Historical Pattern: Locking Granularity as a Recurring Kernel Theme

We have seen this pattern before. The transition from the Big Kernel Lock (BKL) to finer-grained per-subsystem locking was the defining internal story of the Linux 2.5/2.6 era — a multi-year project that unlocked SMP scalability on server hardware and, indirectly, made Linux viable for the workloads that would eventually define cloud infrastructure. The cgroup percpu_rwsem story is smaller in scope but follows the same arc: a coarse synchronization primitive that made sense at design time becomes a bottleneck as workload intensity scales up, and a motivated developer does the careful work of replacing it with something more surgical.

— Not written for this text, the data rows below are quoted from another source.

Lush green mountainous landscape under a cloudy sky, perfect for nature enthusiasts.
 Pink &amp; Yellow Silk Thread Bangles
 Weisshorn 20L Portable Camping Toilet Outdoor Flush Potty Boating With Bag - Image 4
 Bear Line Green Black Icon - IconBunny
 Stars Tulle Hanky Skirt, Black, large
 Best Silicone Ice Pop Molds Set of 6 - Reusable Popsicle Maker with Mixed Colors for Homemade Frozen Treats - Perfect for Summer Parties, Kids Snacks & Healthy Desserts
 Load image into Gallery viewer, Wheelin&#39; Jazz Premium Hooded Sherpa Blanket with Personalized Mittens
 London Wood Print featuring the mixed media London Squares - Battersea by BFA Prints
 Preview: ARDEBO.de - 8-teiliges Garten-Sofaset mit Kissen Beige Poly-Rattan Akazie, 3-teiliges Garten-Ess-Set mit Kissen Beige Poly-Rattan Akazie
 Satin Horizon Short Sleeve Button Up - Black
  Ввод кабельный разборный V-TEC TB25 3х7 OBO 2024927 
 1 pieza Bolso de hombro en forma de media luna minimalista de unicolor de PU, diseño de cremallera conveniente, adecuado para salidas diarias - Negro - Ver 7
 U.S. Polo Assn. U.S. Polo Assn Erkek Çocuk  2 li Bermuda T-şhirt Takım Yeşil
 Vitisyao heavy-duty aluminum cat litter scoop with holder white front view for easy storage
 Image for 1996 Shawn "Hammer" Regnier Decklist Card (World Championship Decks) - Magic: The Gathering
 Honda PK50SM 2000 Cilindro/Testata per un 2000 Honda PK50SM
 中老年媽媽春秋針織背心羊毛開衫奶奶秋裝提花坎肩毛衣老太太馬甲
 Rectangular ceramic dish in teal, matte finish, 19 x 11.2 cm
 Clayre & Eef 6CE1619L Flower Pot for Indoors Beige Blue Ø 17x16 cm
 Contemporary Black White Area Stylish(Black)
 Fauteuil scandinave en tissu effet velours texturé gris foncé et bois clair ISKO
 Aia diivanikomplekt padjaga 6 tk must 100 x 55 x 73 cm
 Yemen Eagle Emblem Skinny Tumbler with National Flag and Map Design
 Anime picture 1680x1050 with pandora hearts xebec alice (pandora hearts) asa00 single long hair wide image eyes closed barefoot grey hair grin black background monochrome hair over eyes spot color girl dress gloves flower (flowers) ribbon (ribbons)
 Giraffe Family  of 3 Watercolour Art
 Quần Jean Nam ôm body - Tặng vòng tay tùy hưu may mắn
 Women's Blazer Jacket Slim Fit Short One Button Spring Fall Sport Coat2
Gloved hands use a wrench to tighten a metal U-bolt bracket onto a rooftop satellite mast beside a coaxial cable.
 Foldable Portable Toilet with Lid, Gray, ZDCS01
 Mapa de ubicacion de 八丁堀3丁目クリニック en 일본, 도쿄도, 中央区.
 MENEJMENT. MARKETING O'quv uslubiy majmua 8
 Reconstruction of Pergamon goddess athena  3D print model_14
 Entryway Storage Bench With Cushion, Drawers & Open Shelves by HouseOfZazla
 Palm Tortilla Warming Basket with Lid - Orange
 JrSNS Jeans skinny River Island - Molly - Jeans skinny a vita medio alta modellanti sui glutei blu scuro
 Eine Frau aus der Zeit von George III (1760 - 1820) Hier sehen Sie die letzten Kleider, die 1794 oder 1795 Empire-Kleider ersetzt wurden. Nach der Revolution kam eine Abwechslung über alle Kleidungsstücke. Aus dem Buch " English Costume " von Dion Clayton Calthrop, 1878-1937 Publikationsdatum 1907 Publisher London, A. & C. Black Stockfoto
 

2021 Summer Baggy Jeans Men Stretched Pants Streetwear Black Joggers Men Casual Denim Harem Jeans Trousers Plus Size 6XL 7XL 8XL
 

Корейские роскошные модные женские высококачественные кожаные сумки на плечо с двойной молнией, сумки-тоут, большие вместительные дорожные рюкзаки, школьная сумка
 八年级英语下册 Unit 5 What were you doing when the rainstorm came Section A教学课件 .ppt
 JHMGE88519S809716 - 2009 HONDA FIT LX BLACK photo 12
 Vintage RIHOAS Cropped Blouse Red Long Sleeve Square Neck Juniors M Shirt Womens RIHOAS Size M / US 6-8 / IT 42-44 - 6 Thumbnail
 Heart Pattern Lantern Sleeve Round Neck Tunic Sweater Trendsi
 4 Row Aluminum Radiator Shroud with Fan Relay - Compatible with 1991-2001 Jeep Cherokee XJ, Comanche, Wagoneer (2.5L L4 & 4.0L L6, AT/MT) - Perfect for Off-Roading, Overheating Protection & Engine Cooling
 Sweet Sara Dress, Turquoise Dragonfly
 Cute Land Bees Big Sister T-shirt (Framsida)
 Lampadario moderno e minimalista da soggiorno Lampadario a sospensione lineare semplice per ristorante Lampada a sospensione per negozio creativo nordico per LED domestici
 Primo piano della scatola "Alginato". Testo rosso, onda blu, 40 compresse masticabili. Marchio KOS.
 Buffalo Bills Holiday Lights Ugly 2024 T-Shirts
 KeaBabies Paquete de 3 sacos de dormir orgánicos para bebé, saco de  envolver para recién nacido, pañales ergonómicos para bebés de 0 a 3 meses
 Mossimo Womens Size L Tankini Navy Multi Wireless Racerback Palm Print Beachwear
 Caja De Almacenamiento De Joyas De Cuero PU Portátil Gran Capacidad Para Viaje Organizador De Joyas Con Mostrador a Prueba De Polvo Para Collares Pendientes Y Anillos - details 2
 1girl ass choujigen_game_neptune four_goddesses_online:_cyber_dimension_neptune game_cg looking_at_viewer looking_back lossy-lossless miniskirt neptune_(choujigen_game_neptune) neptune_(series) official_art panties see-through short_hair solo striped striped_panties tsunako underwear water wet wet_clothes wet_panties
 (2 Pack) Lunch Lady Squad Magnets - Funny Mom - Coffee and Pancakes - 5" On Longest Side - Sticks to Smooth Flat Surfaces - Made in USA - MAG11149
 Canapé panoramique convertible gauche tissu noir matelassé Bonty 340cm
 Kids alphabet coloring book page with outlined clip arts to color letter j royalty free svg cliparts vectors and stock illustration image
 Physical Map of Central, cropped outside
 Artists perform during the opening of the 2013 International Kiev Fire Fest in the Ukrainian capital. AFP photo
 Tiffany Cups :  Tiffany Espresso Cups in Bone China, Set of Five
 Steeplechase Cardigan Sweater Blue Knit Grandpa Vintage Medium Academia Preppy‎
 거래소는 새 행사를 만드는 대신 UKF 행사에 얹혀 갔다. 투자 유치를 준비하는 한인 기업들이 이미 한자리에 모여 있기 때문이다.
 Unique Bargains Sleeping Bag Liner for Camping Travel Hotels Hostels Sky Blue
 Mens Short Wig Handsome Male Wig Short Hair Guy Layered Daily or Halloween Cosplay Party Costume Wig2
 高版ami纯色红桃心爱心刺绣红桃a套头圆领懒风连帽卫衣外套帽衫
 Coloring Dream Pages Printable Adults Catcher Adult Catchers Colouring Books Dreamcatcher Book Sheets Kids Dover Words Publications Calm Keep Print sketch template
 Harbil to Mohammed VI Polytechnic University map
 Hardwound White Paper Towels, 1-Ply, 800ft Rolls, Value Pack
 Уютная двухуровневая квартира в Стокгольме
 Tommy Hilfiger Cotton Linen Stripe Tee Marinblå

The difference today is velocity. What took years of BKL removal now happens through structured patch series reviewed asynchronously on LKML, with automated testing infrastructure providing regression signals that simply did not exist in the early 2000s. Yi Tao's v4 submission is already a product of that tightened loop.

Broader Implications for Container and Cloud Workloads

The populations most immediately affected are operators running container runtimes — containerd, CRI-O, and similar — on kernels that have not yet integrated this fix, and the downstream distributions that package those kernels. For them, the current behavior is a known tax on process-spawn throughput that requires either rate-limiting container churn or accepting latency variance on the fork/exec path.

Worth flagging: the patch is at v4 on LKML, not yet merged into Linus Torvalds' tree or any -next branch. The timeline to a stable kernel release depends on maintainer sign-off, merge window timing, and regression testing — a process that routinely takes one to several kernel cycles. Operators looking for relief should watch the cgroup and sched subsystem trees for merge confirmation before planning backport or upgrade timelines.

The posix_spawn Gap

The absence of a native posix_spawn() syscall on Linux is worth noting as a separate, longer-horizon gap. The POSIX interface was standardized specifically to allow implementations to avoid fork-exec overhead, and on Linux it remains an unfulfilled promise — glibc's fallback to fork-then-exec means the theoretical efficiency is never realized. This is not a criticism of the current patch work, which is practical and targets a real bottleneck; it is simply context for why the fork/exec path remains under optimization pressure even decades into Linux's lifespan. A true kernel-level posix_spawn() would address a different layer of the same underlying cost.

What to Watch

The near-term signal to track is the response from cgroup subsystem maintainers — Tejun Heo in particular has historically shaped the direction of cgroup locking architecture. If the v4 series receives reviewed-by and acked-by tags from the relevant maintainers, it is a strong indicator of merge in an upcoming window. Beyond this patch, the broader trajectory is toward finer-grained concurrency primitives throughout the process lifecycle code, driven by the reality that modern cloud infrastructure treats fork() and exec() as throughput operations, not occasional events.

The kernel community's willingness to revisit and refine foundational locking decisions — even in subsystems that have been stable for years — is one of the less-celebrated but consequential reasons Linux continues to scale into workloads its original authors could not have anticipated.